S’agissant du témoin de l’accident, il convient de préciser que rien n’impose que ce dernier soit salarié de l’entreprise pour pouvoir témoigner, ce dernier, prestataire ou non d’une autre entreprise était simplement présent au moment des faits et a relaté ce qu’il a vu, ce qui corrobore les dires de l’assuré.
En outre, il n’est pas nécessaire que l’assuré ait réalisé un effort particulier pour que soit justifié la survenance d’une lésion quelconque.
Enfin, si le médecin-conseil de l’employeur mentionne l’existence d’un état pathologique antérieur, il va sans dire que ce dernier avait dans un premier temps, dans un compte-rendu du 4 août 2022 indiqué qu’il ne pouvait se prononcer sur l’existence ou non d’un éventuel état antérieur pour finalement, sur la base d’éléments médicaux réalisés un an après les faits à savoir en novembre 2022, mettre en avant l’existence éventuelle d’un état antérieur, lequel n’est pas mentionné par le docteur [U].
En tout état de cause, comme l’a indiqué le tribunal, aucun élément ne permet d’exclure la survenance de l’accident ni même que les circonstances de l’accident n’ont joué aucun rôle dans la décompensation de cet éventuel état pathologique antérieur.
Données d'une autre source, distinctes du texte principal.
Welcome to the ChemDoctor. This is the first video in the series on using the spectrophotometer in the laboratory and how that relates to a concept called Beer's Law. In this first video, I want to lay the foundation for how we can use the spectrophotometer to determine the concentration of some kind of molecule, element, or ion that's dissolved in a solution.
Dès lors aucune preuve contraire n’étant rapportée par la société et rien ne permettant d’exclure la survenance de l’accident au temps et au lieu de travail, la matérialité de ce dernier est établie.
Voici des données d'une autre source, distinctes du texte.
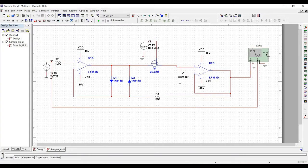Welcome to this channel. In this tutorial we will design a sample and hold circuit using the MultiSim tool.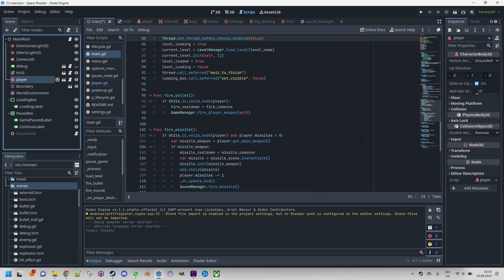One of the standout features of Godot's IDE is its extensive visual editing capabilities. Developers can create and manipulate scenes using a drag-and-drop interface, making it easy to arrange and position game objects within the virtual environment. The visual editing tools eliminate the need for extensive coding for basic scene setup, enabling rapid prototyping and iteration.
Le jugement qui a déclaré opposable la décision de prise en charge de l’accident du travail du 28 septembre 2021 sera confirmé.
Sur les autres demandes
Conformément à l’article 696 du code de procédure civile, la société [3], appelante qui succombe, sera condamnée aux dépens d’appel et déboutée de sa demande formée au titre de l’article 700 du code de procédure civile.
PAR CES MOTIFS
La cour statuant publiquement par arrêt contradictoire, par mise à disposition au greffe,
Déboute la société [3] de sa demande d’inopposabilité de la décision de prise en charge pour non-respect du principe du contradictoire,
Confirme le jugement en toutes ses dispositions,
Y ajoutant,
Condamne la société [3] aux dépens d’appel,
Déboute la société [3] de sa demande formée au titre de l’article 700 du code de procédure civile.